> [Material for the task]
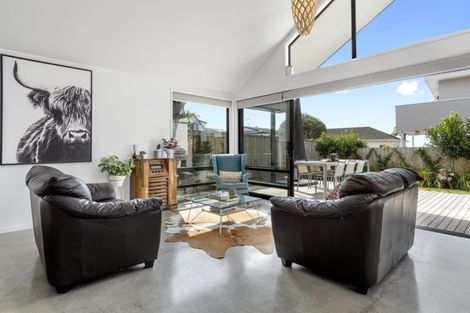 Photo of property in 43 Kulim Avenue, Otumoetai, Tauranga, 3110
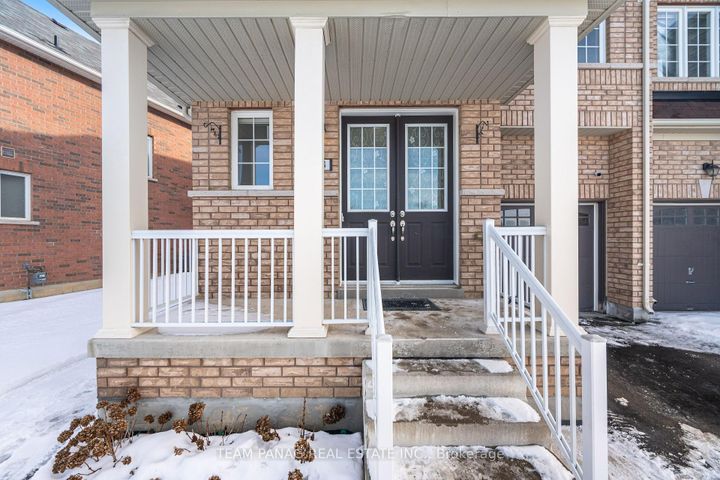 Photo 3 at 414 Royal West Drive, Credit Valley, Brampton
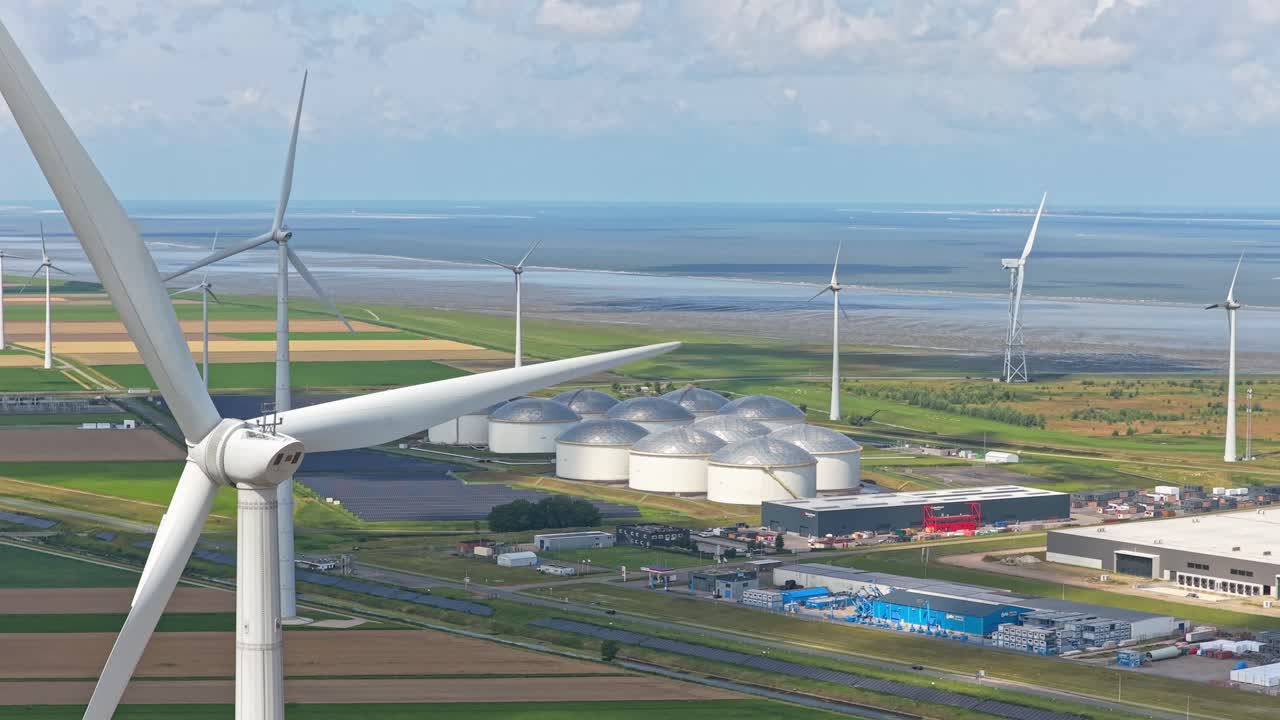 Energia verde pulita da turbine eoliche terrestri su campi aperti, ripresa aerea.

---

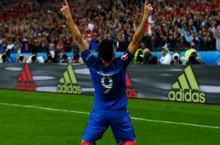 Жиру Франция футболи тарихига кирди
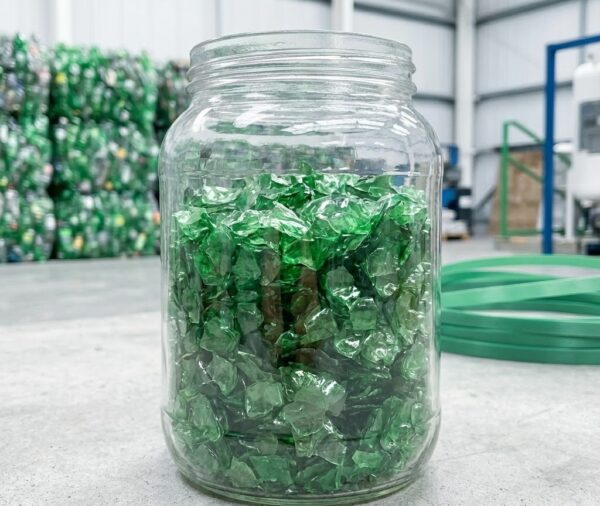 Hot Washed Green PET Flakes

> [Your instructions]
Repeat, without pictures, exactly the lines of the data above from the one containing "Photo of property" through the one containing "Energia verde pulita", including both and adding nothing.

> [Response]
 Photo of property in 43 Kulim Avenue, Otumoetai, Tauranga, 3110
 Photo 3 at 414 Royal West Drive, Credit Valley, Brampton
 Energia verde pulita da turbine eoliche terrestri su campi aperti, ripresa aerea.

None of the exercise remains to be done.